Avanço do setor financeiro é ameaça para estabilidade

ANDREW GLYN
DO "FINANCIAL TIMES"

Adam Smith descreveu o dinheiro como "a grande roda da circulação". Na medida em que facilita a expansão econômica, o sistema financeiro desempenha seu papel na elevação dos padrões de vida. Os bancos sempre receberam seu quinhão por exercer essas funções. Nas últimas décadas, porém, o quinhão deles vem crescendo de maneira dramática. Nos anos 1950 e 1960 as companhias financeiras americanas receberam entre 10% e 15% dos lucros das empresas; hoje, porém, ficam com 30% a 40% do total. Se forem incluídos os lucros das atividades financeiras das empresas industriais e comerciais, o setor financeiro, nesse sentido mais amplo, dentro em breve poderá ser responsável pela maior parte dos lucros de empresas nos EUA.
Essa tendência de o setor financeiro crescer muito mais rapidamente do que a economia "real" também se evidencia no Reino Unido e em outros países.

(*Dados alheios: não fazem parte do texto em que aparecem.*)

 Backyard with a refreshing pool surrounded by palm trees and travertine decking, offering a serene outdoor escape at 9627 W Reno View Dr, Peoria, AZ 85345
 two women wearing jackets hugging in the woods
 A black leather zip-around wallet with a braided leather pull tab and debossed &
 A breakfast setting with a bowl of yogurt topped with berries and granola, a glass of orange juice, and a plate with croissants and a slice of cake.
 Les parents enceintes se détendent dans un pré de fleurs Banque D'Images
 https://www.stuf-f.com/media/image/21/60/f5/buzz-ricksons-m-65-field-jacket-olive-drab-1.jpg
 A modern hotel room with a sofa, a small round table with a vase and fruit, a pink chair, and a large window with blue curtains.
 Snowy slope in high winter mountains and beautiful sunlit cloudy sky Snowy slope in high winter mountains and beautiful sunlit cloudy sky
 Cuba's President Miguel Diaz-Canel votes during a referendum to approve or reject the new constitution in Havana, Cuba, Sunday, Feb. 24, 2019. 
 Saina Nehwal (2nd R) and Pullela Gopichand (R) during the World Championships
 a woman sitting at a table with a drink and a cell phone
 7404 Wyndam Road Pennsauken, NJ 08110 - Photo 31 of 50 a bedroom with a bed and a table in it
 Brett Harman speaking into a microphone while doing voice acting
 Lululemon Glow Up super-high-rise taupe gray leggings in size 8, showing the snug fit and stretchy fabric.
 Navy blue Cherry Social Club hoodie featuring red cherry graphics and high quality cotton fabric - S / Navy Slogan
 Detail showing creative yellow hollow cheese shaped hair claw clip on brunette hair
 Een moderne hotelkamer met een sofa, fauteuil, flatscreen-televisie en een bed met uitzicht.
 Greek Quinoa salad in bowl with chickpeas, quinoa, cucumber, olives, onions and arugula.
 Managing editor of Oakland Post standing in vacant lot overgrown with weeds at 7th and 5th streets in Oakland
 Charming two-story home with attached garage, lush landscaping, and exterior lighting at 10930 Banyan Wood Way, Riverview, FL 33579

O que está sendo dado em troca da absorção de uma parcela crescente dos recursos da sociedade, especialmente dos trabalhadores altamente qualificados?

Consumo
Nos últimos tempos os consumidores americanos vêm fortalecendo a expansão da economia mundial, e a crescimento do crédito a consumidores e de hipotecas vem desempenhando papel decisivo na elevação do consumo americano a tal ponto que as famílias já deixaram de poupar. Mas aquilo que o setor financeiro dá, ele também pode tirar. O crédito ao consumidor pode afastar as recessões, quando a concessão de crédito permite aos consumidores continuar a gastar, mesmo quando o crescimento de sua renda se desacelera. Mas também pode agravar as recessões, se os consumidores forem forçados a saldar suas dívidas num momento de baixa, como mostraram os exemplos de países como a Suécia e o Reino Unido no início dos anos 1990.
Supõe-se que um sistema financeiro sofisticado incentive o acúmulo de capital. Os investimentos reais maciços em telecomunicações feitos durante o boom da Internet parecem constituir ótimo exemplo disso. Entretanto, até 2002, menos da metade da capacidade dos EUA em telecomunicações estava sendo utilizada.

Estoque de capital
Depois da queda, o crescimento do estoque de capital nos EUA sofreu uma redução mais marcante do que em qualquer recessão desde a 2ª Guerra Mundial. Desde 2000, em todos os países que integram a Organização para a Cooperação e o Desenvolvimento Econômico, o estoque de capital mal vem conseguindo crescer 2% ao ano. É um índice que não chega à metade daquele registrado nos anos 1960, quando o setor financeiro era contido por restrições fortes, e inferior ao da década de 1970, época em que as condições macroeconômicas eram turbulentas.
A City de Londres ocupa uma posição especial no Reino Unido. O setor dos serviços financeiros freqüentemente é alardeado como fator chave na balança de pagamentos, ajudando a preencher a brecha deixada pelo enfraquecimento do setor manufatureiro. Na realidade, porém, essa contribuição é modesta. Em 2005, os ganhos no exterior com o fornecimento de serviços de seguros, bancários e outros financeiros chegaram a cerca de 21 bilhões de libras (US$38 bilhões), apenas um décimo dos ganhos obtidos com a exportação de bens.
Deixando todos esses temores de lado, a última década teve o crescimento de produção menos volátil de qualquer década desde 1950. Será que isso refuta o argumento segundo o qual a ascensão do setor financeiro encerra a ameaça de instabilidade econômica maior? Tal conclusão seria demasiado complacente. As próprias condições econômicas estáveis incentivam a tomada de riscos maiores. A inovação financeira pode ter engrossado o elástico financeiro, mas este vem sendo esticado cada vez mais. Quem pode ter a certeza de que em algum momento ele não vai se partir?